It’s very important to design or choose the proper data structure and algorithm for various programming tasks. Even when we are using high-level programming language such as Python, it’s still crucial in terms of time and space complexity. In this post, I’ll try to summary the built-in data structures and algorithms in Python as a recap and reference. There are so many details which couldn’t be covered in this post, please refer to Python’s official documents.

Most of the built-in data structures in Python are sequencial, which is also the most basic and important structure while programming. Memory is sequential.

The first logo of Python, designed by Guido's brother Just van Rossum

The first logo of Python, designed by Guido’s brother Just van Rossum

list

List might be the most frequently used sequencial data structure in Python.
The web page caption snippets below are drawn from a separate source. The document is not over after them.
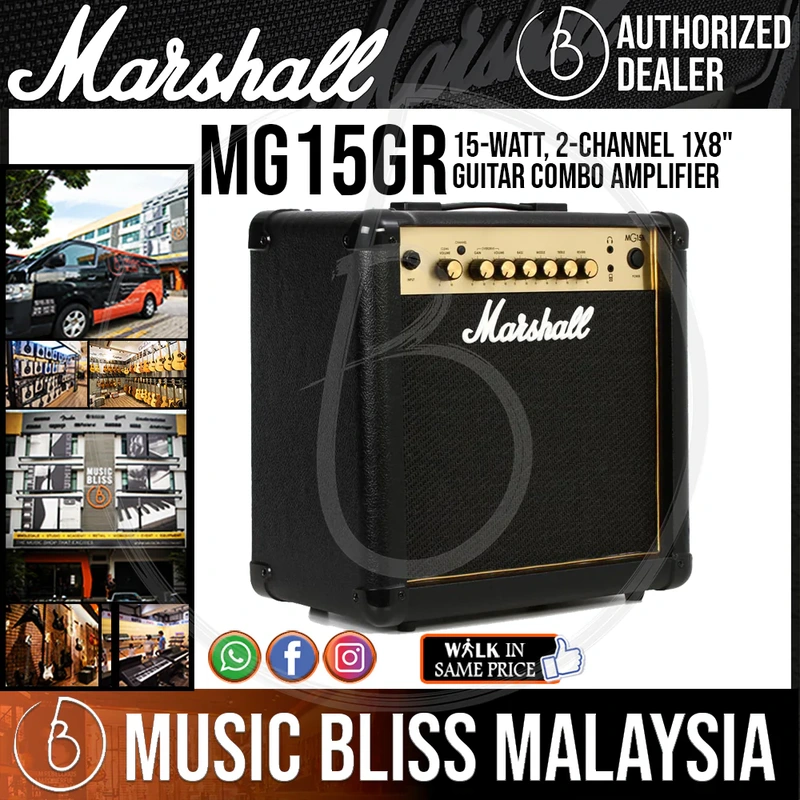 Marshall MG15GR 15-watt 1x8 Combo Amplifier w/ Reverb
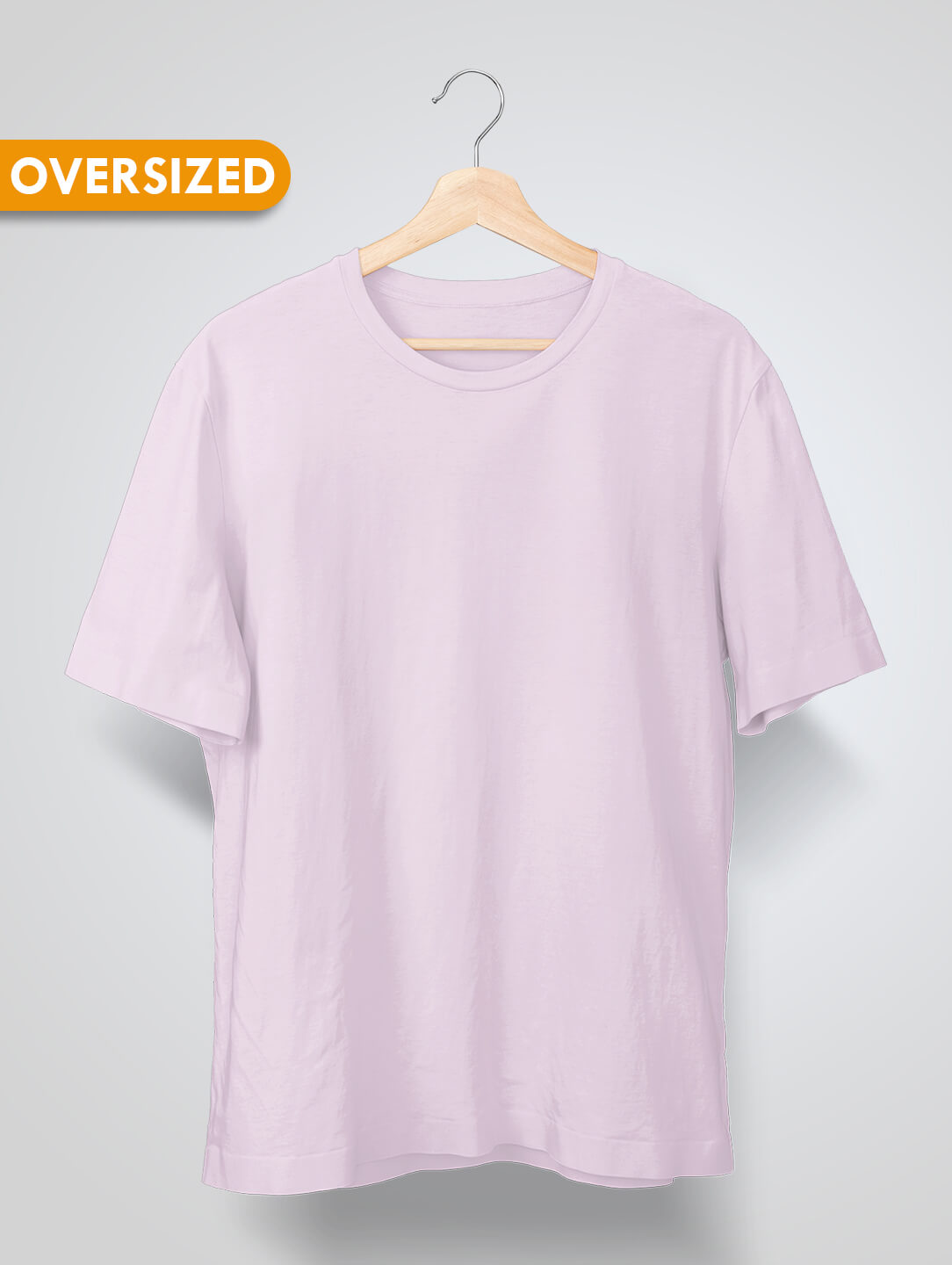 Oversized Fit Cotton T-shirt - Light pink - Men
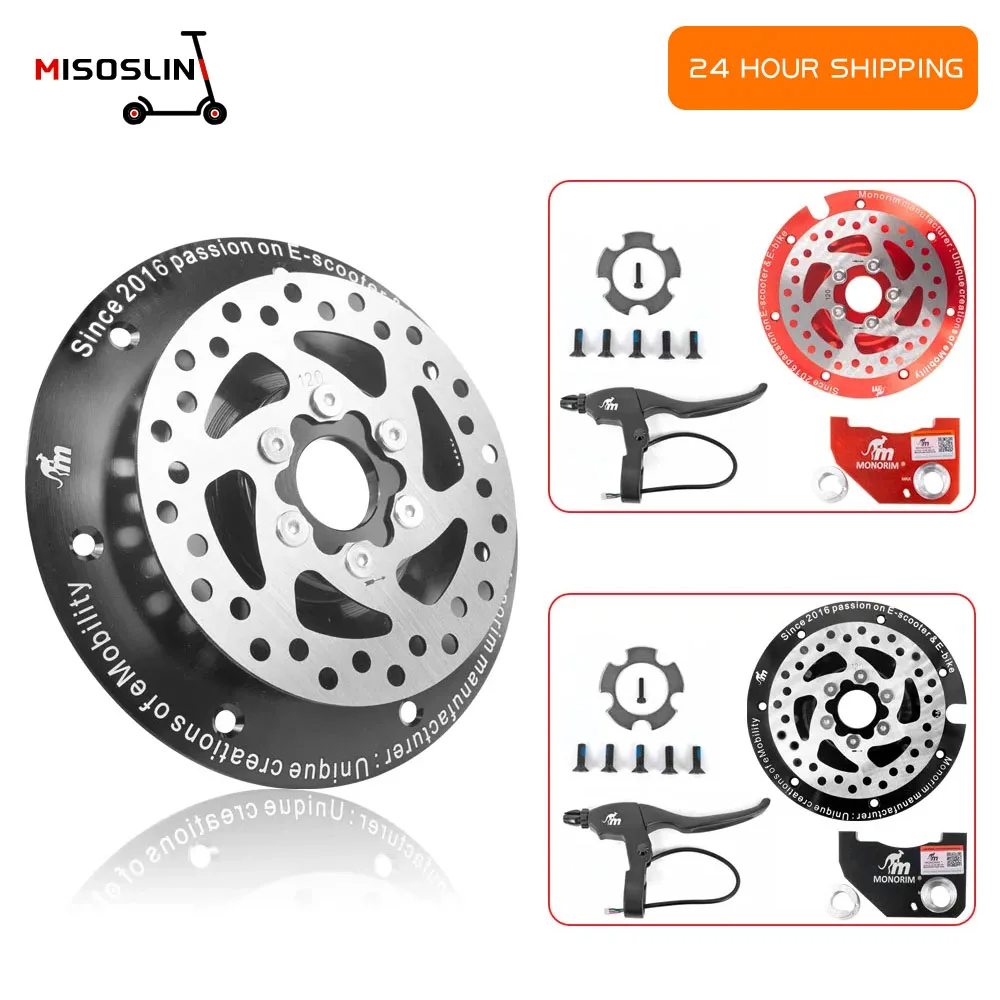 

Monorim Upgraded 120mm Motor Deck Disc Kit for Segway Ninebot Max G30 Electric Scooter Modified Whell Disc Brake Accessories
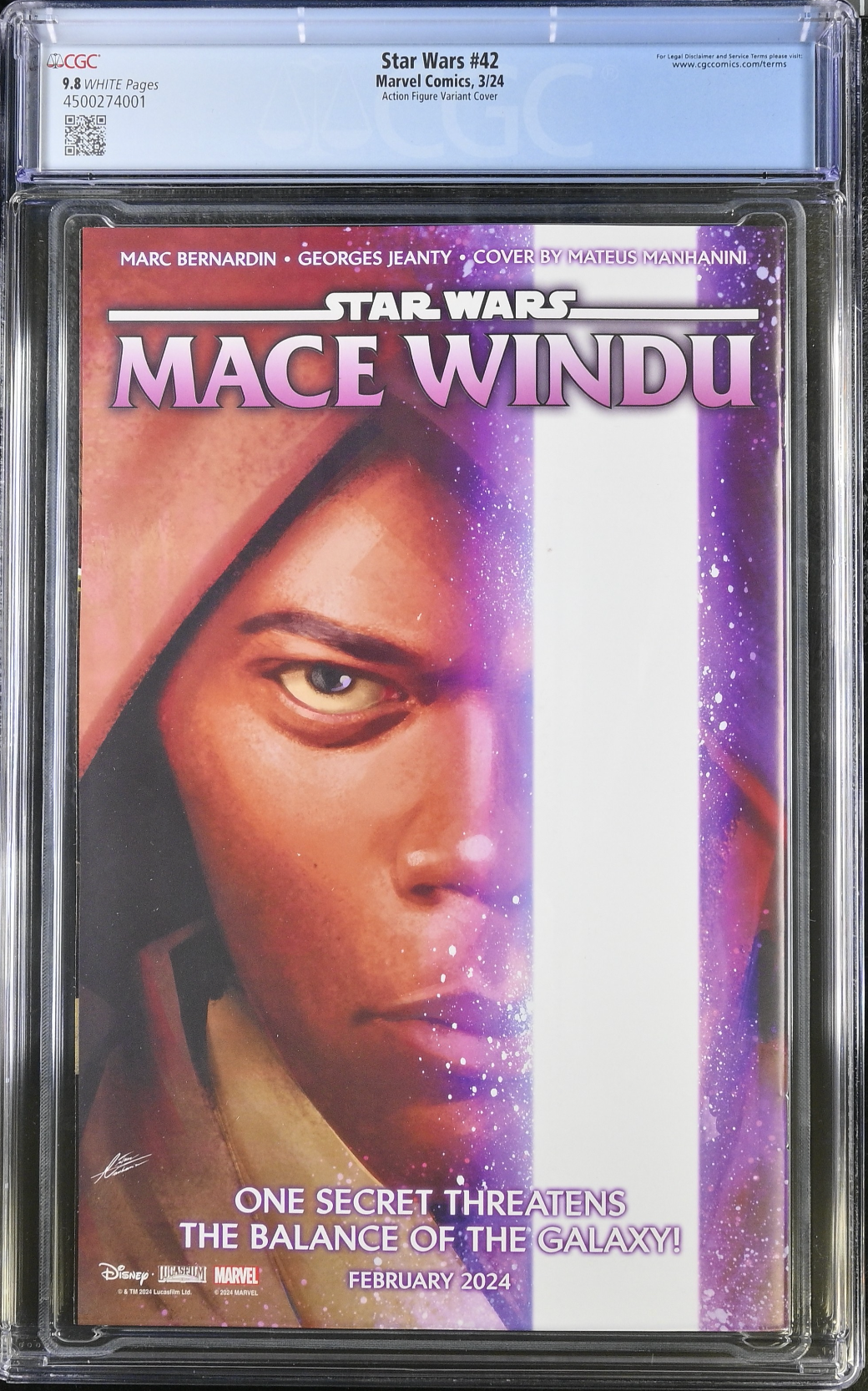 Star Wars #42 Action Figure Variant CGC 9.8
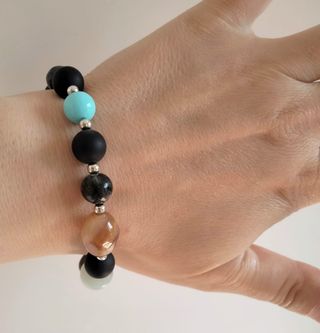 Bracciale pietre e forme miste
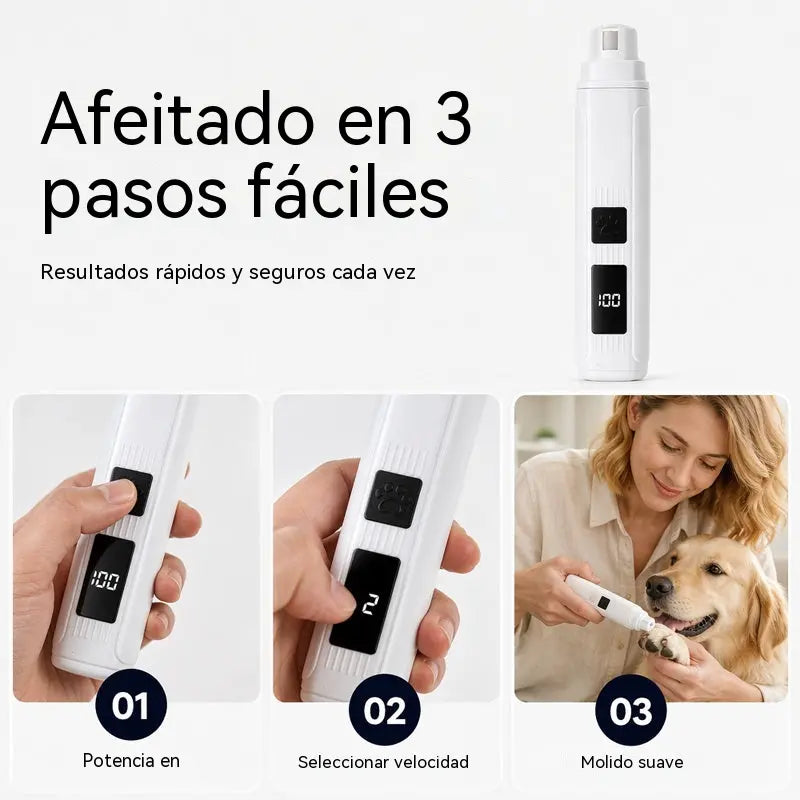 🔥【Kúpte 1 a získajte 1 zadarmo】🐱🐶 Elektrický pilník na nechty pre domáce zvieratá s LED indikátorom napájania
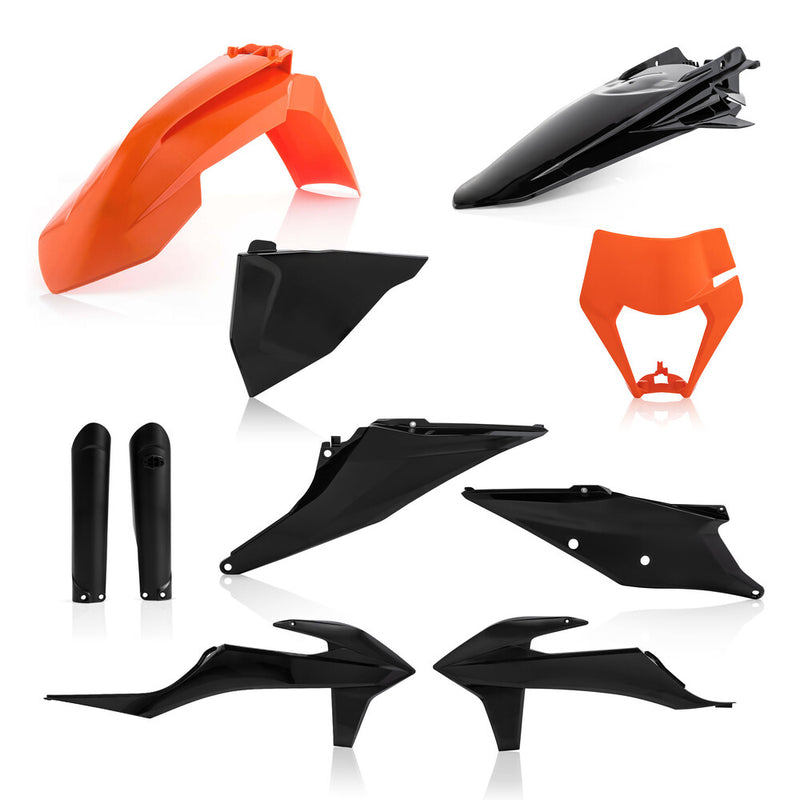 Acerbis Full Plastic Kit Orange Black - 2791545225 KTM Dirt Bikes 2020-2023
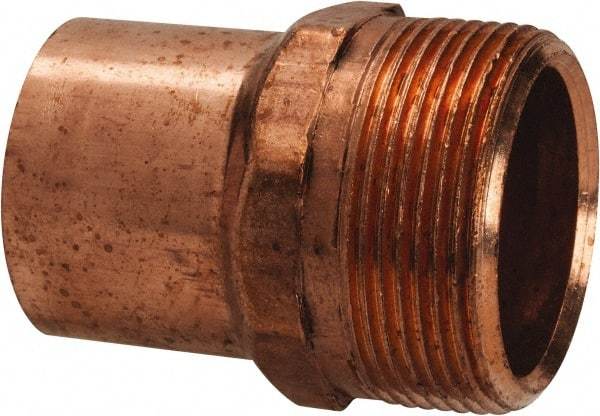 Mueller Industries - 1-1/2" Wrot Copper Pipe Adapter - FTG x M, Solder Joint - Eagle Tool & Supply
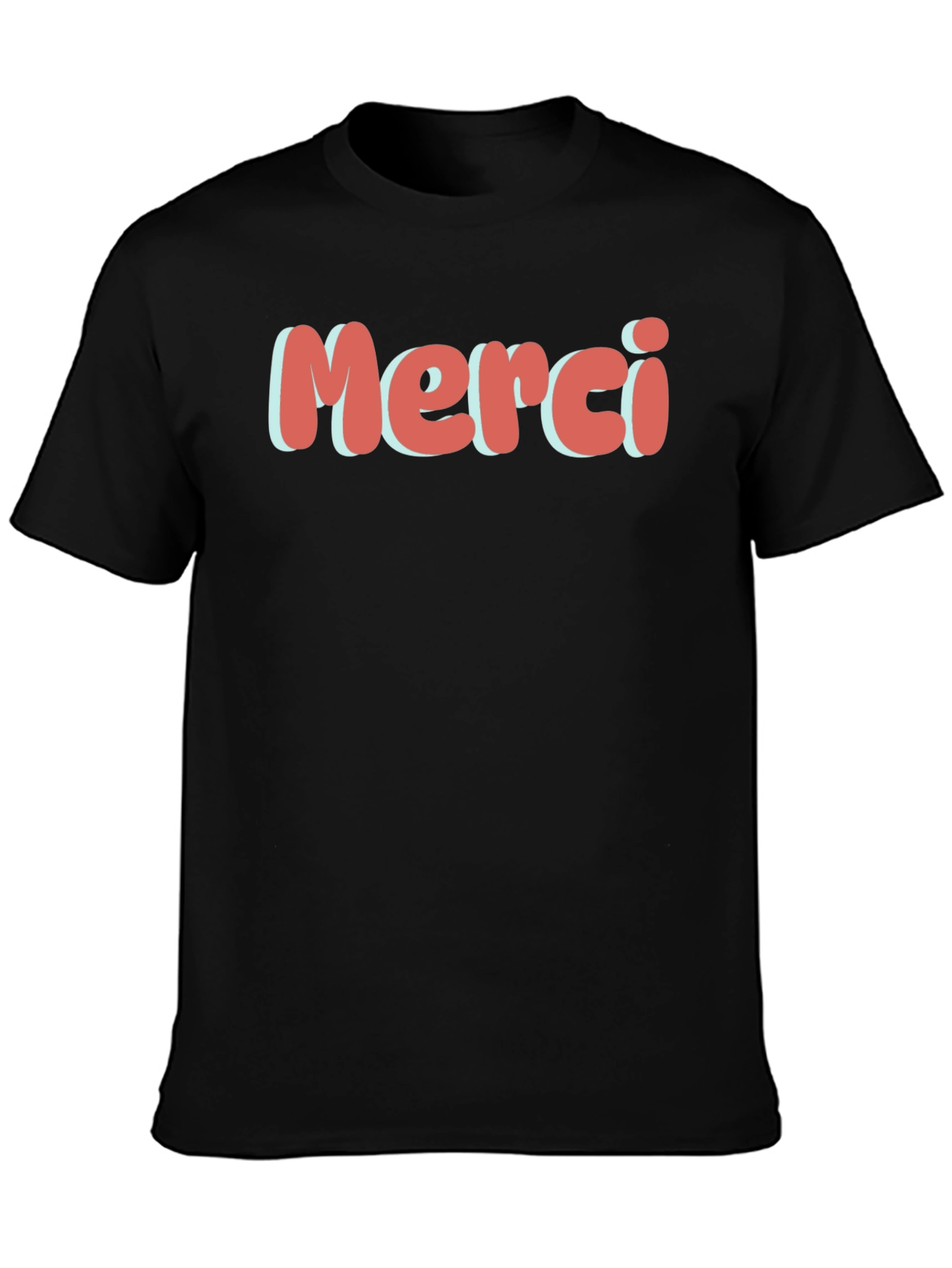 Merci Graphic Tee - Stylish Casual Wear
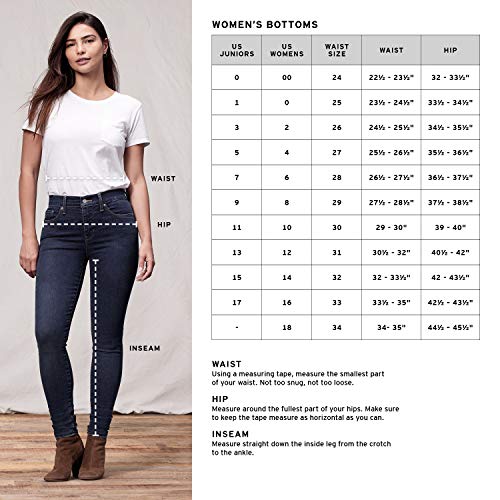 Levi's 711 Skinny Jeans Vaqueros, Sidetracked, 29W Largo para Mujer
It is fast, versatile and easy to use.

  • mutable
  • $O(1)$ for random accessing
  • $O(1)$ for tail operation (append, pop)
  • $O(n)$ for inserting and deleting at head or middle
  • $O(n)$ for membership testing (in operation)
  • more space usage than tuple
  • auto-resizing
  • suitable to be used as Stack (LIFO) structure

Normally, we use list to store homogeneous data, but this is not mandatory. But it’s a good programming style. One common pitfall about list is to change it while iterating:

>>> a = [1,2,3,4,5]
>>> for i in a:  # quick fix, use a[:] or a.copy() (shallow copy)
...   print(i)
...   a.remove(i)
... 
1
3
5
>>> a
[2, 4]

Under list structure is a piece of continuous memory so that it could achieve $O(1)$ for random element accessing. Due to the same reason, insert or delete at the head or in the middle somewhere needs to move memory and they are $O(n)$ operations.

tuple and namedtuple

Tuple is not just an immutable version of list. Tuple is best to for record data, such as rows retrieved from database table. And these data are normally heterogeneous.

  • immutable
  • $O(1)$ for random accessing
  • $O(n)$ for membership testing
  • less space usage than list
  • faster than list for constant sequential data

Namedtuple needs to be imported from collections module, and each element in namedtuple could be accessed by a property name.

>>> from collections import namedtuple
>>> rec = namedtuple('datarow',('name','age','salary'))
>>> xinlin = rec('xinlin', 99, 100.123)     
>>> xinlin.name, xinlin.age, xinlin.salary
('xinlin', 99, 100.123)

Nuances between standard tuple and namedtuple:

  • standard tuple is a hard-coded C structure, namedtuple is an imported class
  • create a standard tuple is faster than that of a namedtuple
  • namedtuple could access element by name, which is more readable and maintainable but a little slower than accessing by index (a getattr call to lookup attribute)
  • memory footprint for both are nearly the same
  • namedtuple only store field names in definition, which makes namedtuple much more memory-efficient compared to dict object

bytearray

We can treat bytearray as a special type of list which is designed only to hold raw byte data. (List objects hold references of other objects.)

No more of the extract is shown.